Allowing Prayer to Happen to Us

Tuesday, November 9th, 2010

The majority of Americans report praying daily.  It is something however we rarely discuss.  (Americans tend to be profoundly spiritual AND profoundly private about it.)

In the future, we will be doing a small group program around prayer and/ or a one day workshop on prayer.  Prayer is a discipline – a part of the “work” that centers us in a spiritual life.

A part of growth is the shift from seeing prayer as something that we do, to seeing prayer as something that is done to us.  Prayer, from a New Church perspective, is as Emanuel Swedenborg noted “Conversation with God.”  It is conversation in which God’s response is often hope or comfort.

Prayer is not, as one author noted, an “intelligence briefing to God” though that is where we often start.  There is nothing wrong with this approach but it is only a start on the spiritual path.  At some time we must shift – moving away from one-way monologue in which we “report” our lives and requests to God to a movement towards a space in which we are quiet enough to “hear” God in the language that God speaks.

That takes discipline.  For me, such an approach works best when I arrive at prayer with a simple request to “know nothing.”  That seems to be a far healthier space for an obnoxious “doer” like myself.  From that space, at times, I can breath into a presence of God in which I think He can speak – not a speech of “today’s winning lottery number will be …” but a speech that includes words that settle deeply into my soul.  This past week for example that included ‘humanity’ and ‘What opens people to faith.’   The difference, restated, would be praying before a worship, early on a Sunday morning, “Lord help me to communicate ‘x’” vs. “Lord, what would you have me say today?”

Believe it or not, one prayer I find particularly effective – “Lord, take it all.  Leave me nothing but clear window.”

From there, prayer can happen to us – shining right on in.

I want to see God but I can’t

Thursday, September 2nd, 2010

Many people want to “see” God, experience God.  But the “seeing”, the experience, eludes them.  How then do we see God when our best efforts seem to leave us “without”, searching within what appears to b a vacuum?

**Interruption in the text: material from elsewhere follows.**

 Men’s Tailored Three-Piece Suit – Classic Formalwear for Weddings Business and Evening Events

To start, God simply “is.”  That means that God is something we awaken to vs. journey to.  We can often fall into the belief that certain actions will inevitably lead us to the experience of God.  I have not found that to be true.  My understanding is that we do those “actions’ – be they prayer, reading, meditation, service, worship – so that we are awake when God shows up. They do not create the experience.  They do however ensure that we are awake enough to know when the experience arrives.

Secondly, God’s presence is most often not of the “clouds parting” “trumpet blaring” variety.  The experiences tend to be far more gentle.  One author compared God’s voice to being as quiet as the beating of our own heart  (Try listening to your heart beating to get an idea of what that means).  While some individuals do experience the granduer of God in dramatic fashion – i.e. Martin Luther, Emanuel Swedenborg, Bill Wilson – most of us experience God in more muted yet not any less powerful ways.  That is why perhaps Jesus spoke of the presence of the Divine as the spirit, a word that can be translated “wind.”

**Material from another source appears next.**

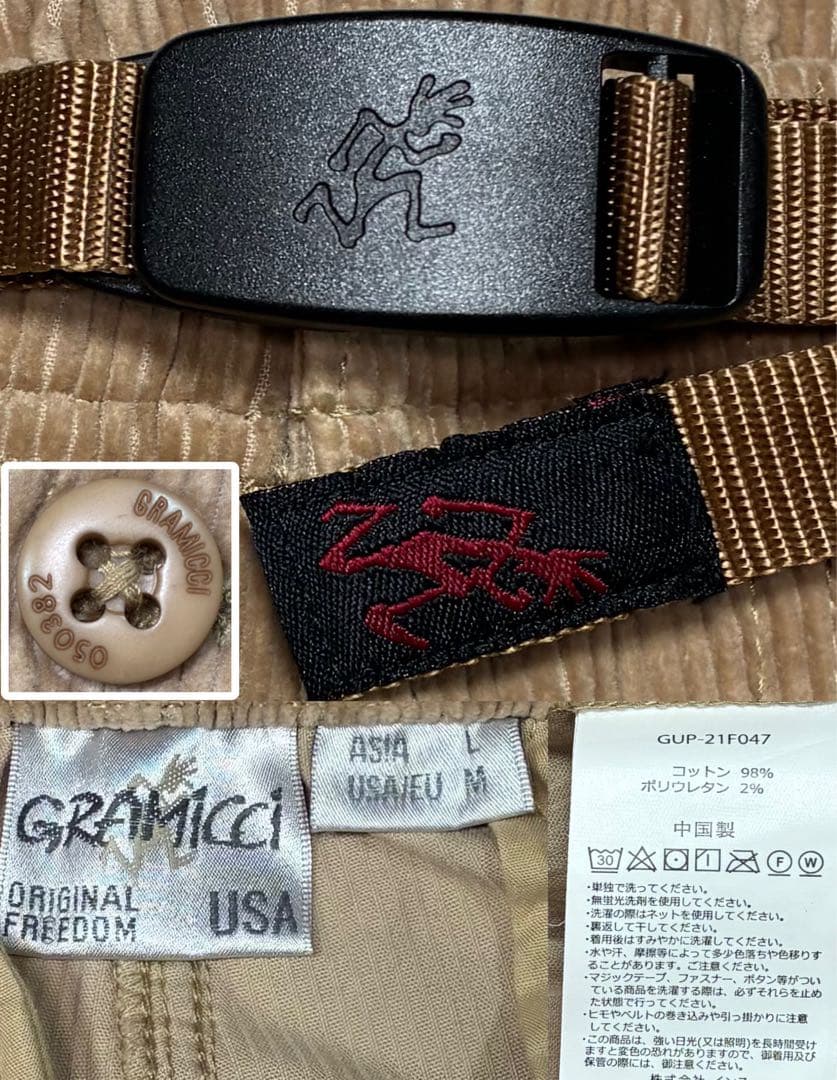 美品 GRAMICCI グラミチ コーデュロイルーズテーパードパンツ ベージュL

One author’s point is one I have been thinking a great deal about recently.  Her perspective grew out of a endless prayers for the experience of Divine.  What she came to realize was that God’s answer to her longing was her longing.  It was that love, that compassion, that “pull” in her heart that bore great fruit in her life, a “pull” that might have moved her more in her life than any dramatic presentation of God.

If the pull to experience God is moving you forward in your life, that might just be the whole point.  That might just be the mercy and compassion of God at work in your life. Stay awake.  Keep doing the work.  God will show Himself in the ways He knows to be most important in light of goals that are eternal, not temporal.  Those are not often the most dramatic but they are the most transformative.